Selected reaction monitoring by linear ion-trap mass spectrometry can effectively be applicable to simultaneous quantification of multiple peptides.

Selected reaction monitoring (SRM) mass spectrometry (MS) is becoming a popular approach for targeted quantitative proteomics. Triple-quadrupole mass spectrometers have been historically considered as the instrument of choice for this type of quantitative analysis. Recently, however, it has been reported that the SRM MS with a linear ion-trap (LIT) mass spectrometer is rather more appropriate for quantitative analysis of large peptides than the triple-quadrupole ones. In this study, we demonstrate that the SRM MS performed with a LIT mass spectrometer can simultaneously analyze multiple peptides and can quantify specific peptides in biological specimens without the use of stable isotope (SI)-labeled standard peptides. Firstly, a mixture of 10 synthesized peptides derived from yeast proteins and bovine serum albumin (BSA) was simultaneously analyzed by the LIT SRM. The ion peak areas of the 10 peptides were linearly correlated with the input amounts between 1 fmol and 10 pmol. Furthermore, the same peptide mixture spiked into human plasma was analyzed, and a linear response was found. Next, the amount of a BSA tryptic peptide was quantified by using an SI-labeled or a non SI-labeled peptide as an external reference standard.
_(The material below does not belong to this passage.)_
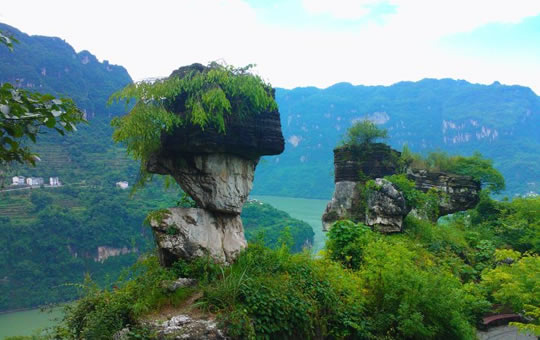 宜昌船进三峡人家旅游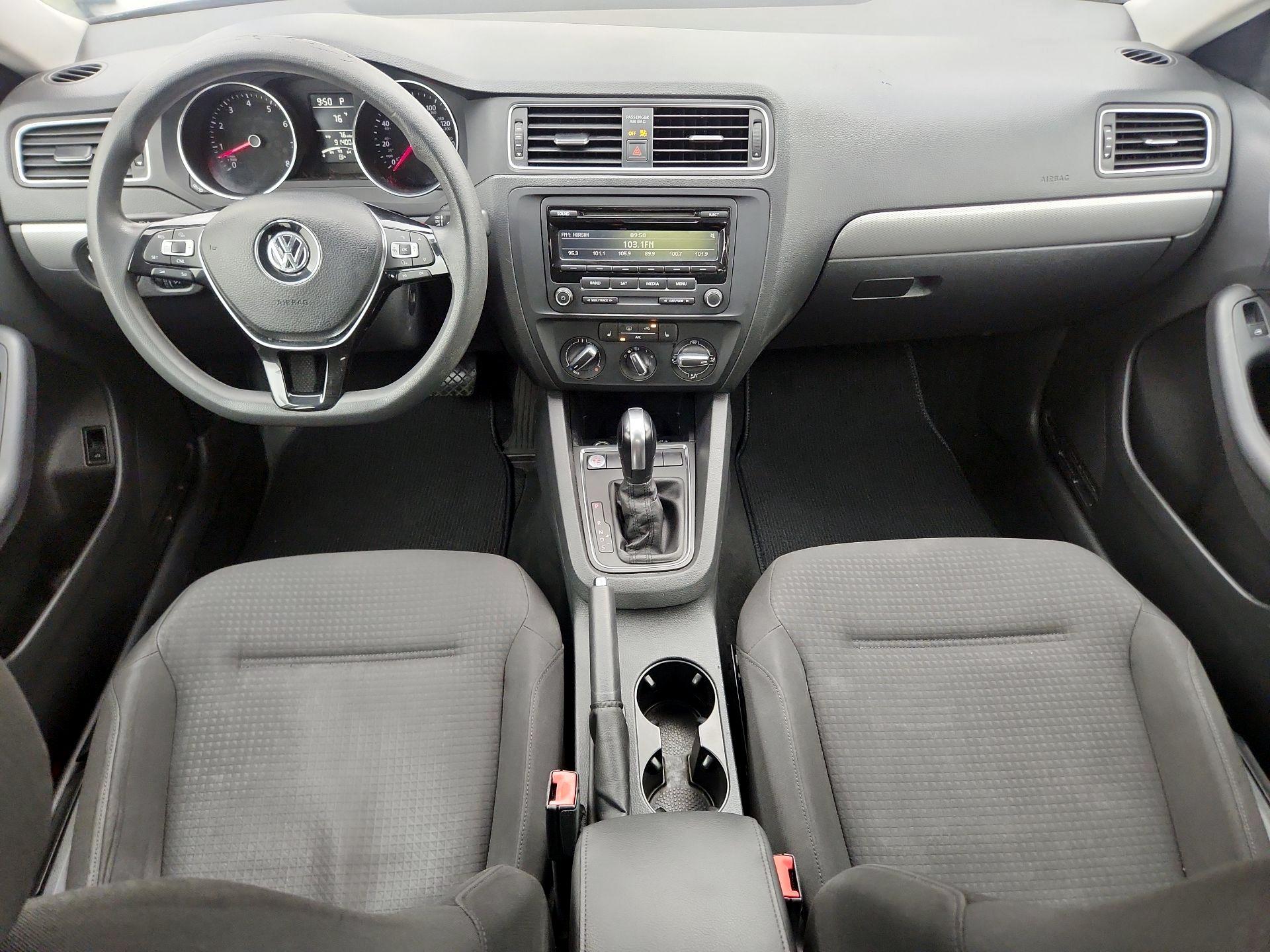 Thumbnail: 2015 Volkswagen Jetta - 9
The difference in the quantified amounts of the BSA tryptic peptide was less than 10% between the 2 methods, suggesting that the "externally pulsed" non SI-labeled standard peptides derived from another species are useful. These results indicate that the SRM MS conducted with a LIT mass spectrometer is applicable to targeted quantitative proteomics of peptides at least up to 10 in number.